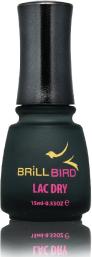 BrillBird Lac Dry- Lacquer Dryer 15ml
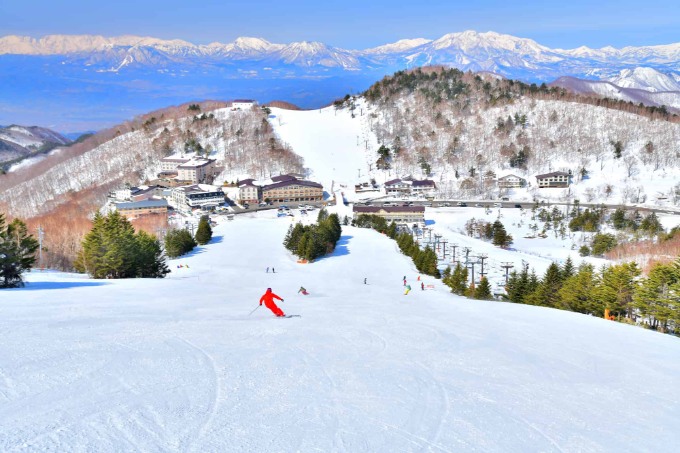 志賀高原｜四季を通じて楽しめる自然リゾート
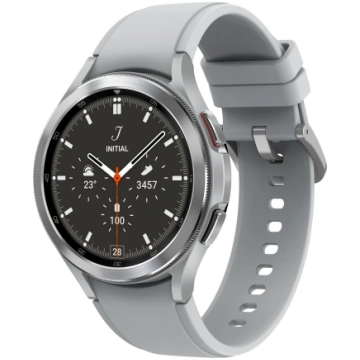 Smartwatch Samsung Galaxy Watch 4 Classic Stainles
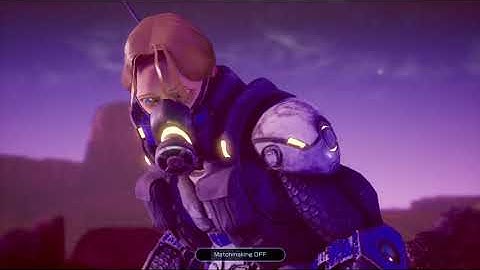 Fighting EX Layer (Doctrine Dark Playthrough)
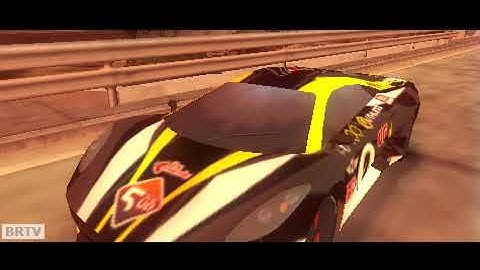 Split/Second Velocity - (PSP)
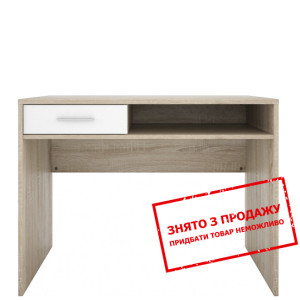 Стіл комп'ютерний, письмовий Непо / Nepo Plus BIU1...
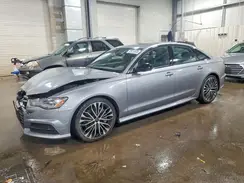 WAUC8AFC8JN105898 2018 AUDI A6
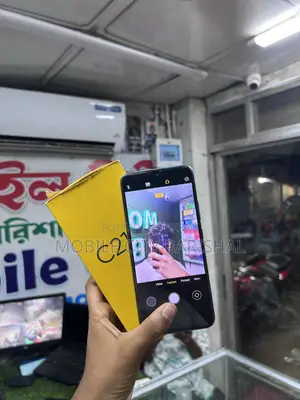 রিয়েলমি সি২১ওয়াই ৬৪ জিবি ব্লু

-*-

### ASSIGNMENT
Each entry above needs to be restated without a single word changed; skip the images.

### OUTPUT OF THE TASK
 BrillBird Lac Dry- Lacquer Dryer 15ml
 志賀高原｜四季を通じて楽しめる自然リゾート
 Smartwatch Samsung Galaxy Watch 4 Classic Stainles
 Fighting EX Layer (Doctrine Dark Playthrough)
 Split/Second Velocity - (PSP)
 Стіл комп'ютерний, письмовий Непо / Nepo Plus BIU1...
 WAUC8AFC8JN105898 2018 AUDI A6
 রিয়েলমি সি২১ওয়াই ৬৪ জিবি ব্লু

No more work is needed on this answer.